To boil it down to the key points, which will still be rather long. There are unknowns to be explored, & there are variables, some if which I control, others I don't. Basically, much to my chagrin, what GPUs I can use & how I use them are limited by the amount of RAM available.
In theory, with the (maxed out) RAM I have, I can use cards with up to 32GB of VRAM, as long as I don't use NVLink for memory pooling with another card, or I could use pairs of 16GB VRAM cards if I do use it. For reasons of various efficiencies I'm not very interested in those GPUs.
Individual 24GB cards shouldn't present a problem with RAM usage. But they are also a smaller canvas to use for scenes.
If I use individual cards with 48GB of VRAM, or pairs of 24GB cards with NVLink for memory pooling, then I will have a theoretical RAM deficit of ~16GB. This deficit I hope can be overcome with virtual memory, but I don't know if it can be or not.

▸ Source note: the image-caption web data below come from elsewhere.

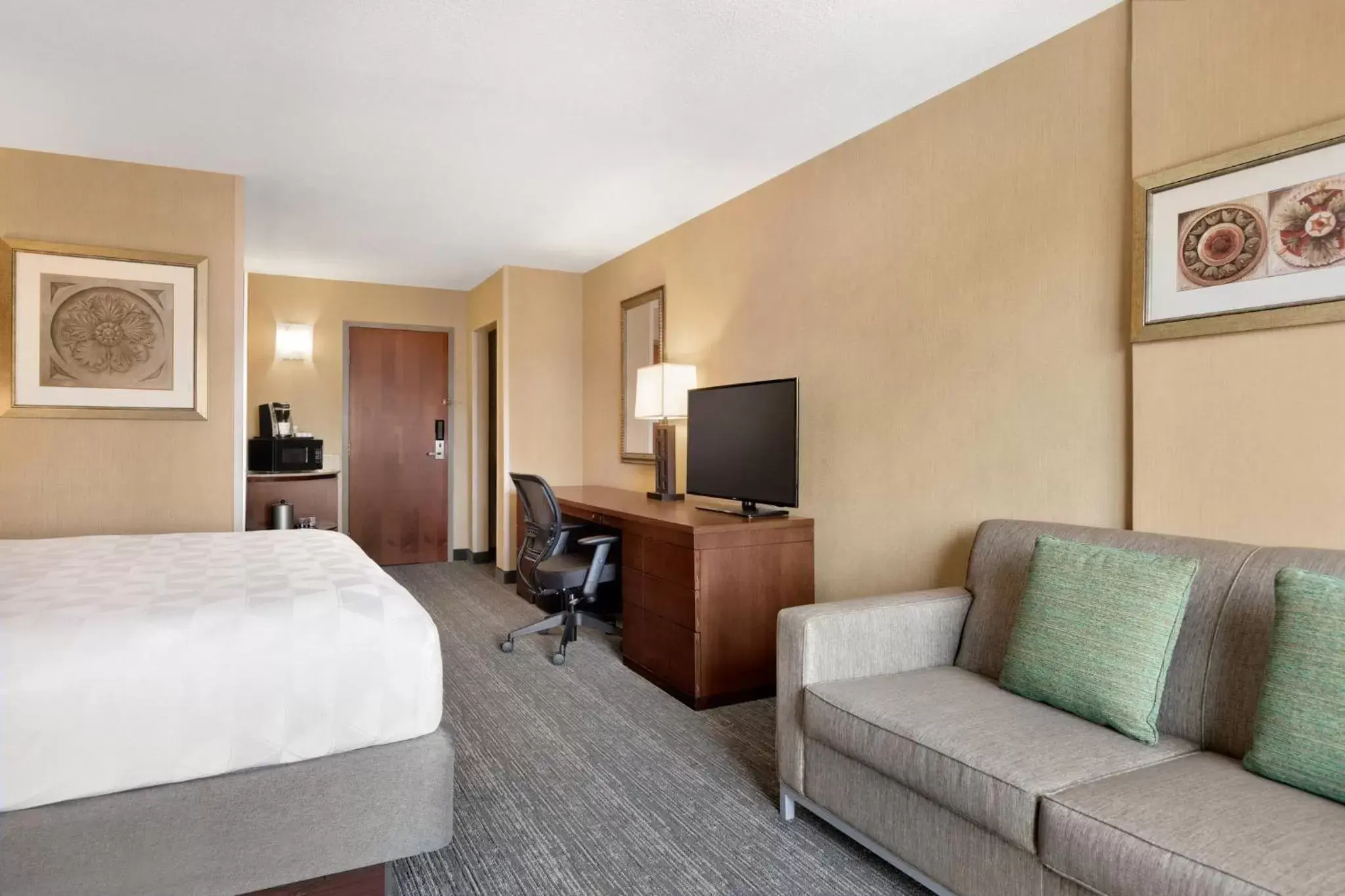 Photo of the whole room in Holiday Inn National Airport/Crystal City, an IHG Hotel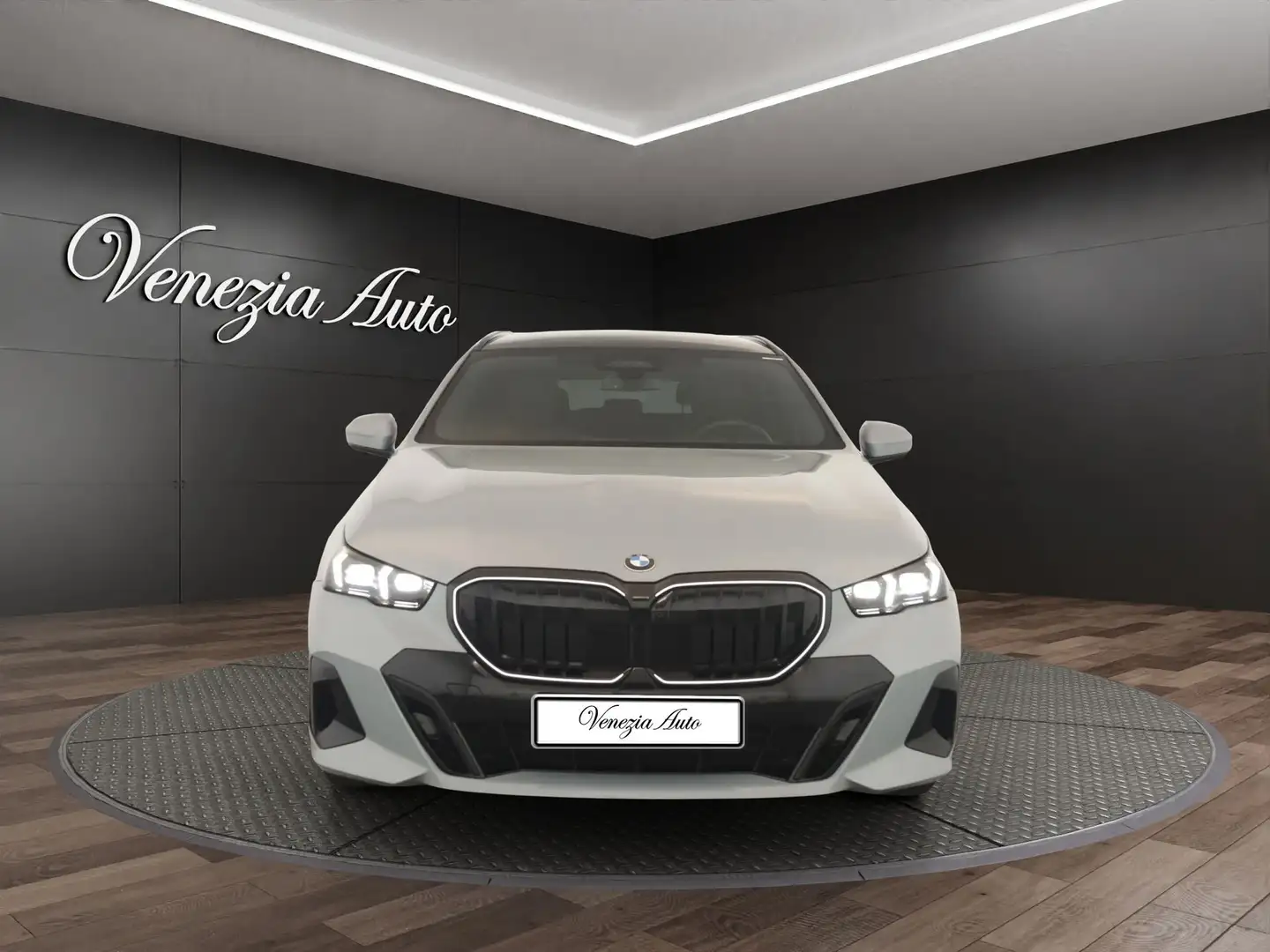 BMW 540 540d 48V xDrive Touring Msport Pro Gris - 2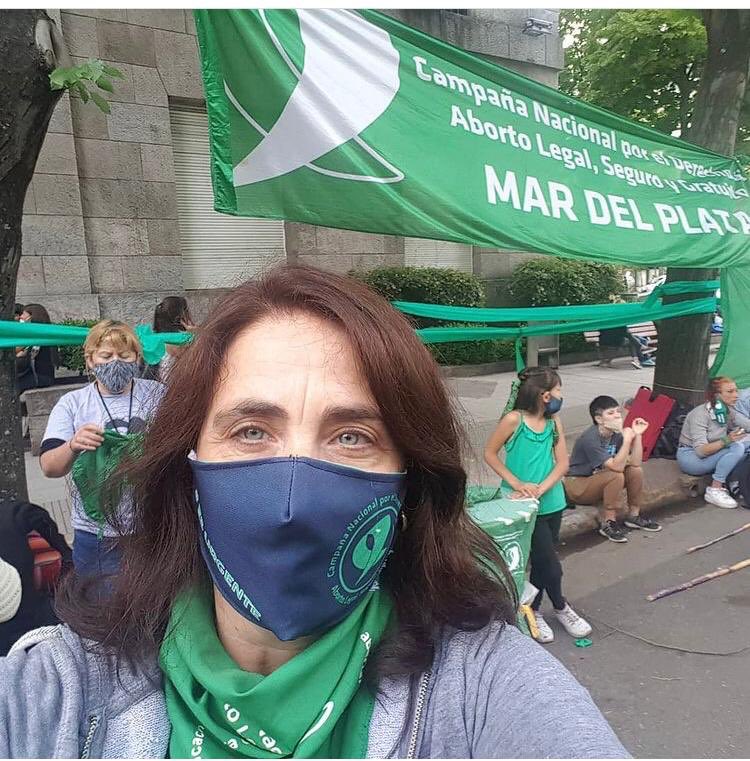 ProgresistasR's tweet photo. #ProgresistasEnRed en la marea verde de todo el país! Nuestra compañera @ValeriaLCrespo desde #MarDelPlata #SeráLey💚 https://t.co/Neg7lj4QeH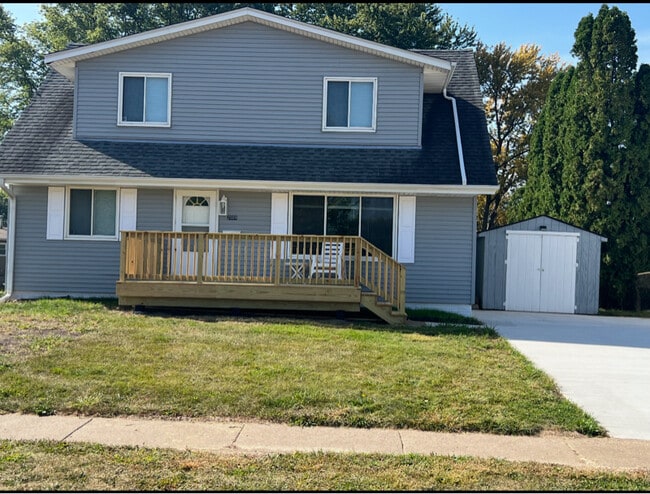 2009 Queens Dr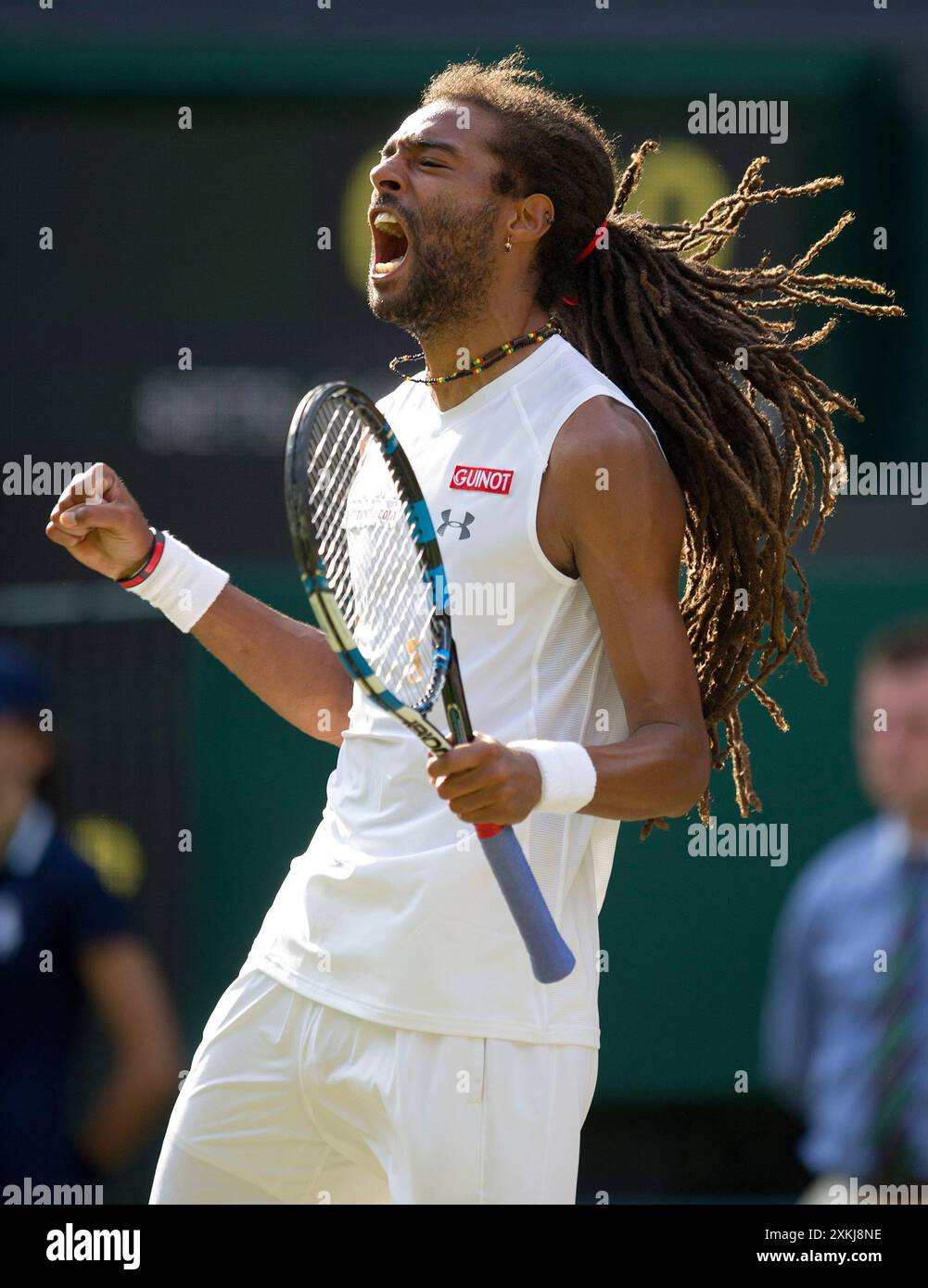 02/07/15. AELTC, Wimbledon Championships 2015, Wimbledon, Londra. Secondo turno singolo maschile, Rafa Nadal contro Dustin Brown, Centre Court. Dustin Brown festeggia dopo aver vinto il primo set. Immagini Ian Rutherford. ©Ian Rutherford ianrutherfordphotography@gmail.com www.ianrutherfordphotography.com 07710337520 Foto Stock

Ideally, I would like to use 48GB VRAM cards with NVLink for memory pooling, but then I would have a theoretical RAM deficit of ~160GB, over a 100% RAM deficit. This was my optimal use case for GPUs.
Each scene is processed via CPU/RAM/Drives then sent on to the GPUs, a process that is likely to be on the scale of seconds to minutes. The actual amount of RAM required will likely vary from frame to frame, depending on resources used, techniques used, maybe even camera angles. Not very many people seem to be working at this level, at least not that are discussing it. There's a lot of arguing among the few who claim to be in the know about how it works & how easy it is or not.
I knew the system I'm building now was always going to be a testbed, a minimal investment to figure out the process, & smoke out the bugs, as well as renewing my PC building skills. Really, a better system was always in the plans, but I needed to get real world experience & figure out how all the parts work together, or don't, in order to properly plan the next version. I intend to push on as far as I can, & learn the limits.
If you're going to be dealing with memory's worth of write activity, I'd recommend a pci-e carrier with multiple M.2 drives or an array of sata drives in order to get the throughput and wear-life that you need.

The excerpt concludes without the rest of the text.